— Prompt —
Only the lines below between the one holding "2026 Subaru Ascent Onyx Edition Touring" and the one holding "Dorman H622541", inclusive, are to be reproduced word for word; the pictures are to be left out.

— Available data —
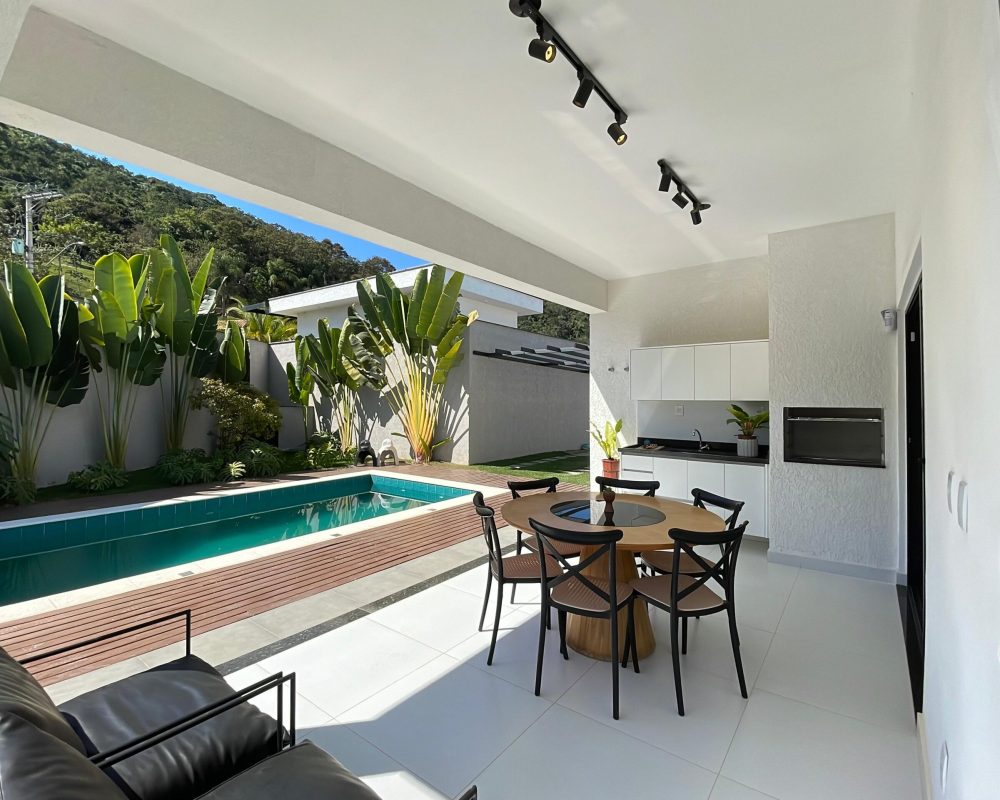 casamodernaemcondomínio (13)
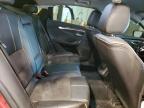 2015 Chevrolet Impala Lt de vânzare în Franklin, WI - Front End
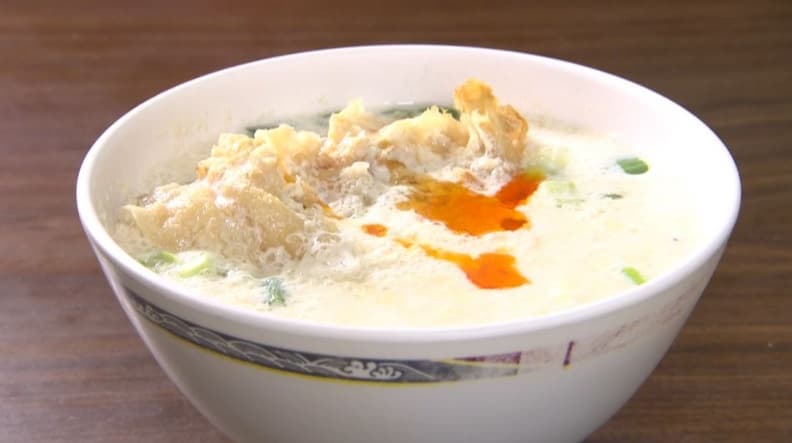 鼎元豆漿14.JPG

...

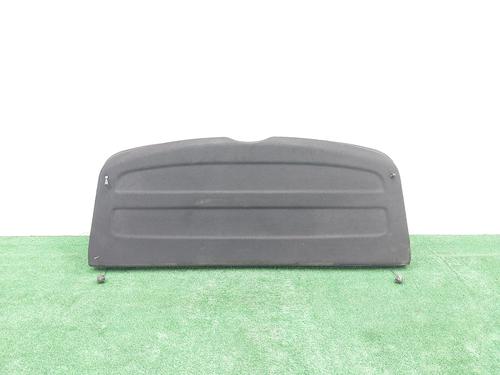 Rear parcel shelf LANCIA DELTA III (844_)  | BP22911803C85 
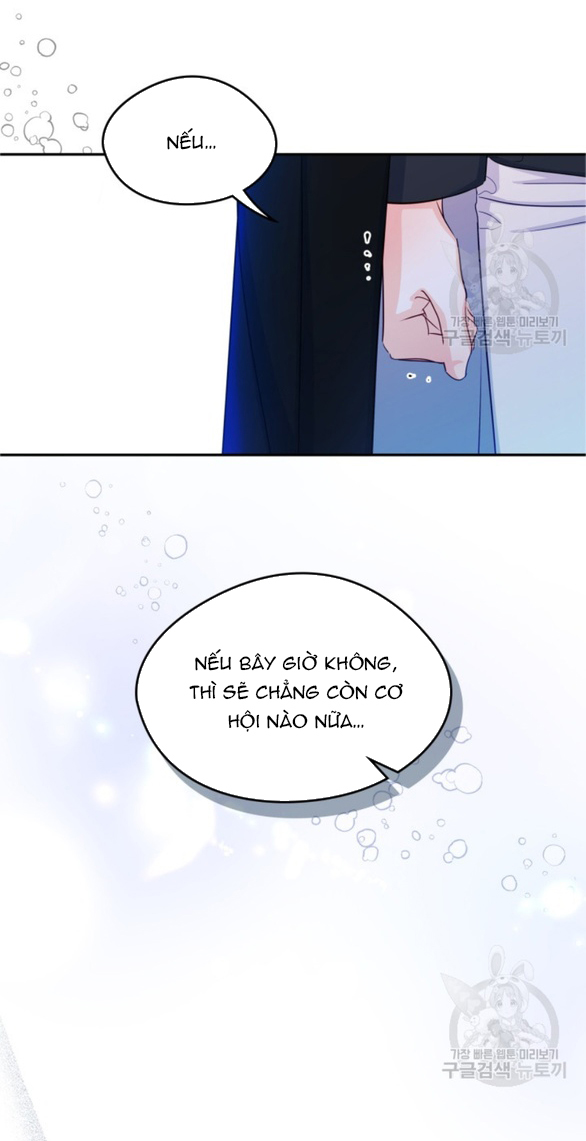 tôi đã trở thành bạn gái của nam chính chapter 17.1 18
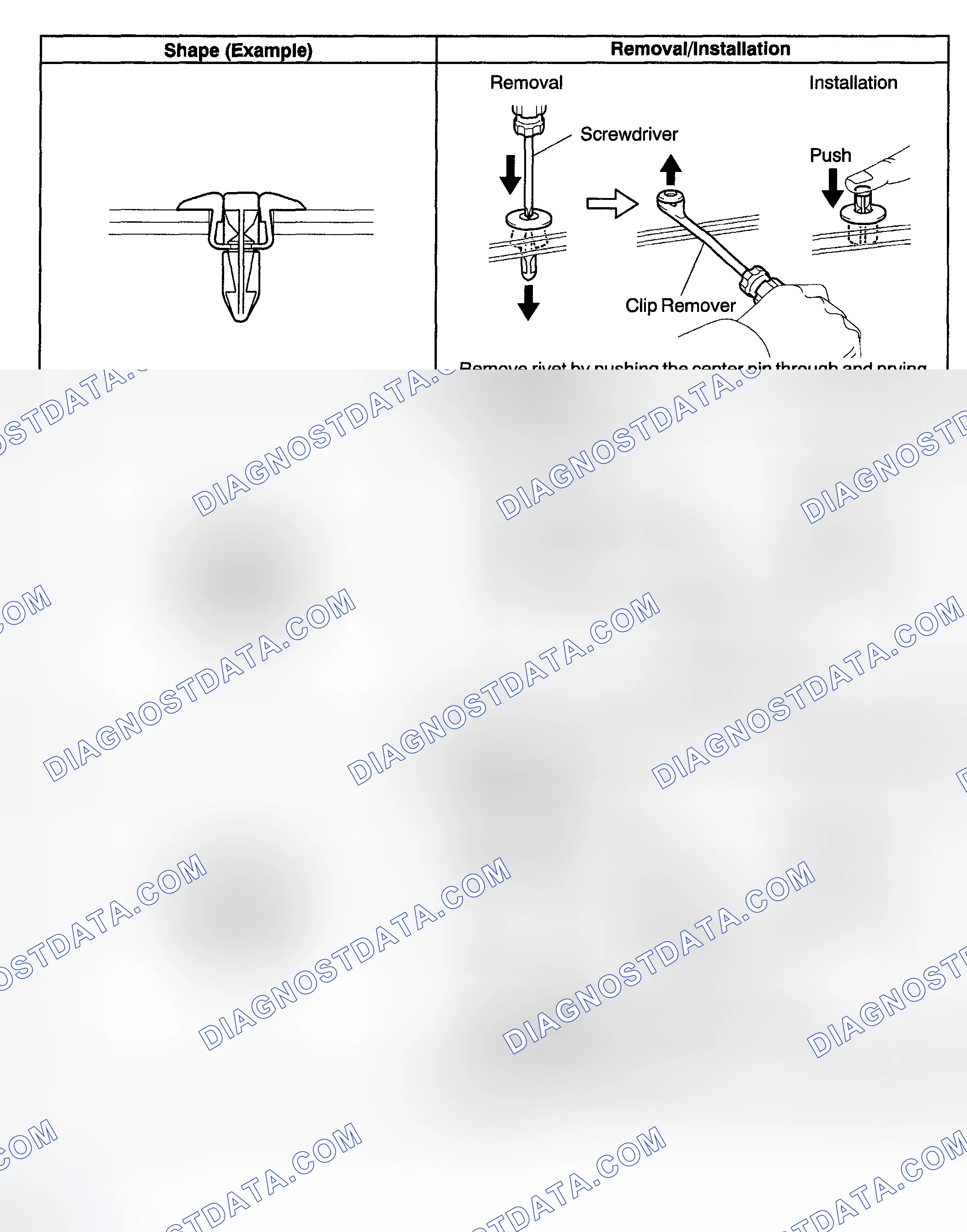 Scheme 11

==

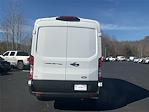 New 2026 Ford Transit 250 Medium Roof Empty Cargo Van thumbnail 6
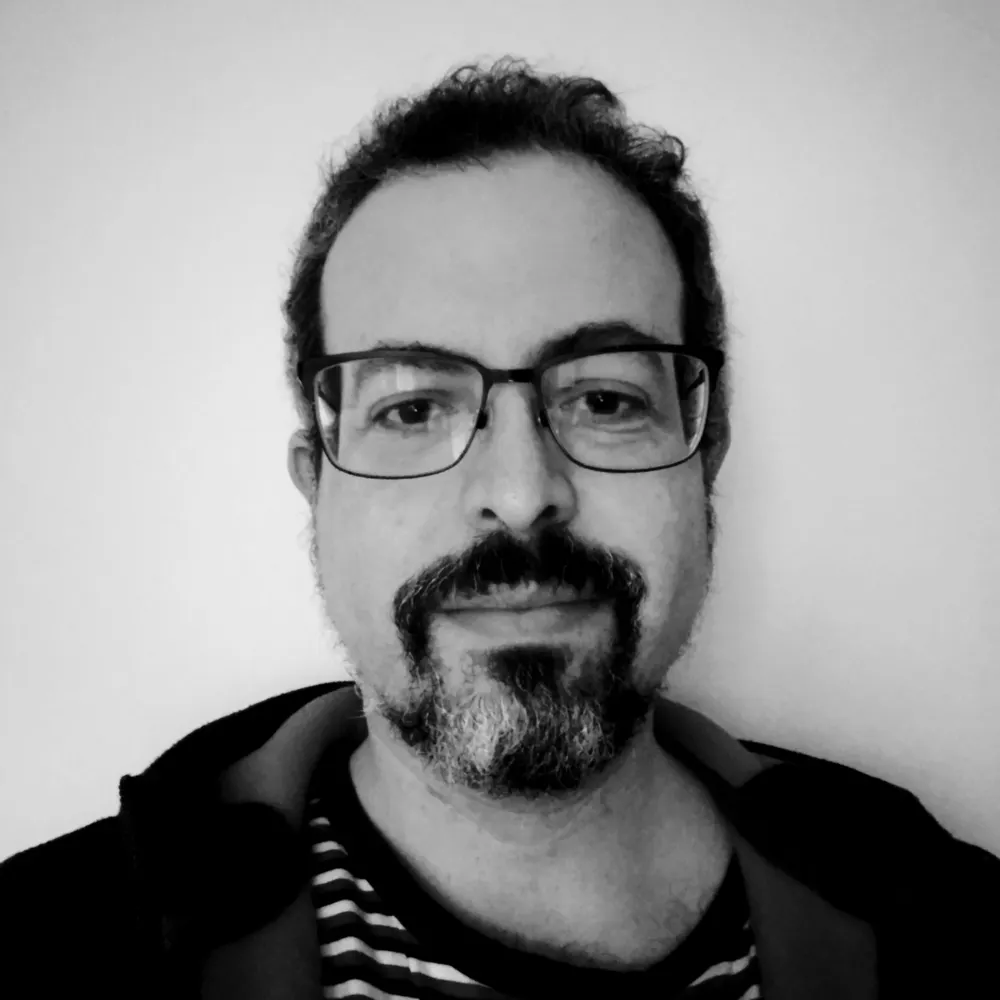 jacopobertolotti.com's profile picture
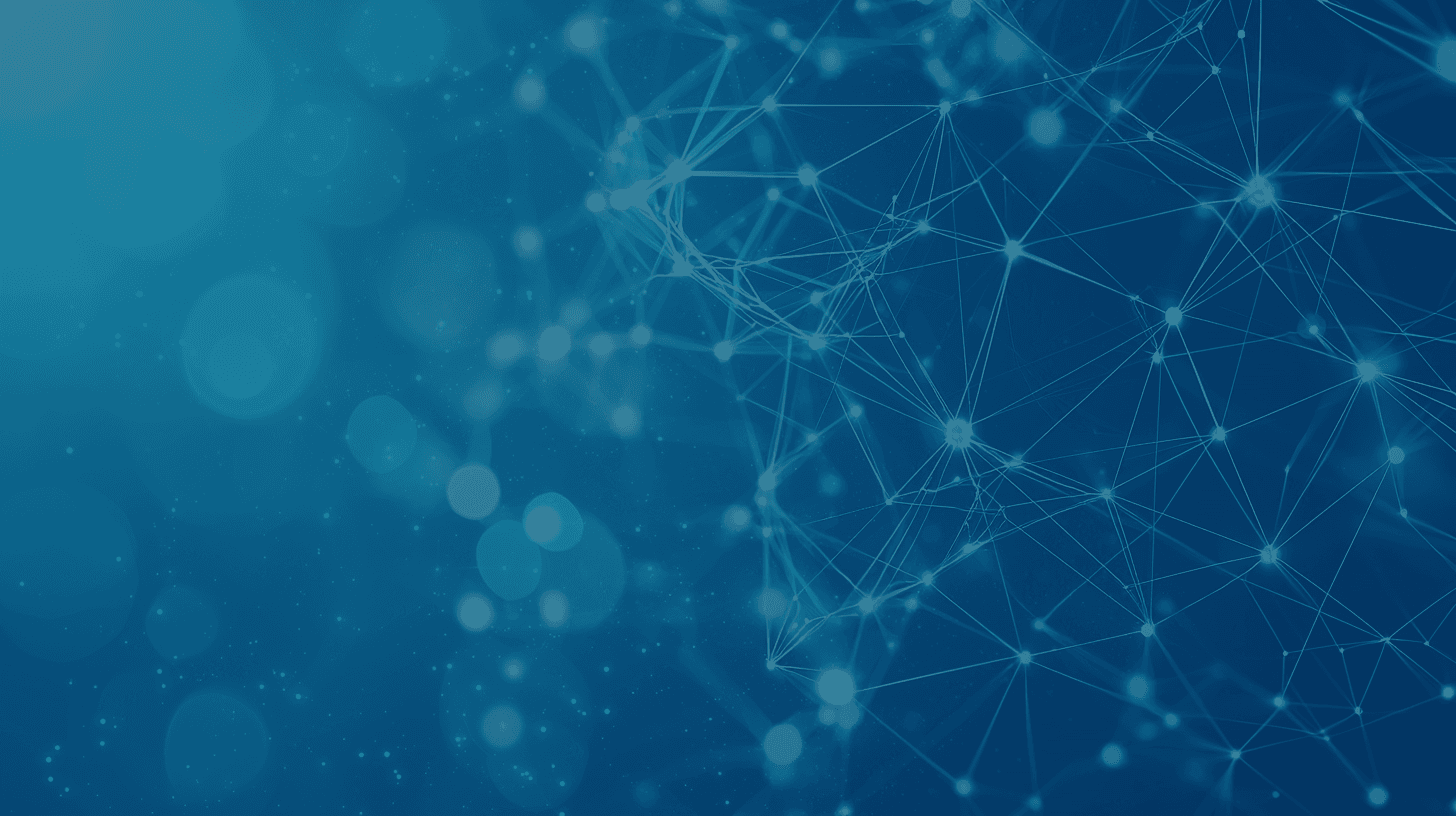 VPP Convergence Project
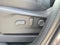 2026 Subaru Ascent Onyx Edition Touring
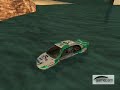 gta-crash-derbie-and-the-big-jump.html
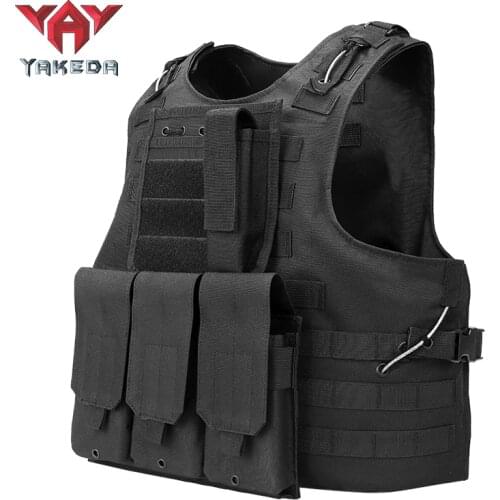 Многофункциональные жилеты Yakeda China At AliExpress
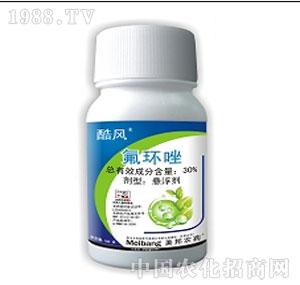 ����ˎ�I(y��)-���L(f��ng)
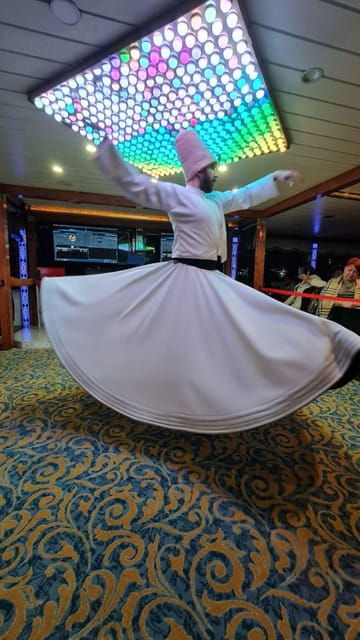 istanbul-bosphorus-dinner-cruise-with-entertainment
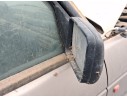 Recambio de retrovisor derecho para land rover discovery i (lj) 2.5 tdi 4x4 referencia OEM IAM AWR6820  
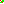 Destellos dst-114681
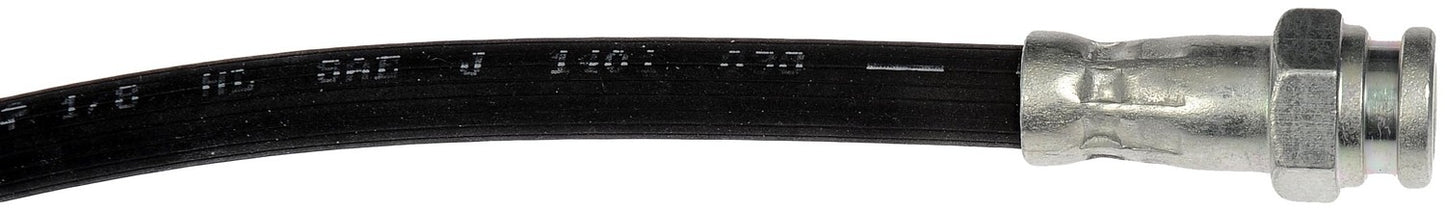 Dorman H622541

— Written reply —
 2026 Subaru Ascent Onyx Edition Touring
 gta-crash-derbie-and-the-big-jump.html
 Многофункциональные жилеты Yakeda China At AliExpress
 ����ˎ�I(y��)-���L(f��ng)
 istanbul-bosphorus-dinner-cruise-with-entertainment
 Recambio de retrovisor derecho para land rover discovery i (lj) 2.5 tdi 4x4 referencia OEM IAM AWR6820  
 Destellos dst-114681
 Dorman H622541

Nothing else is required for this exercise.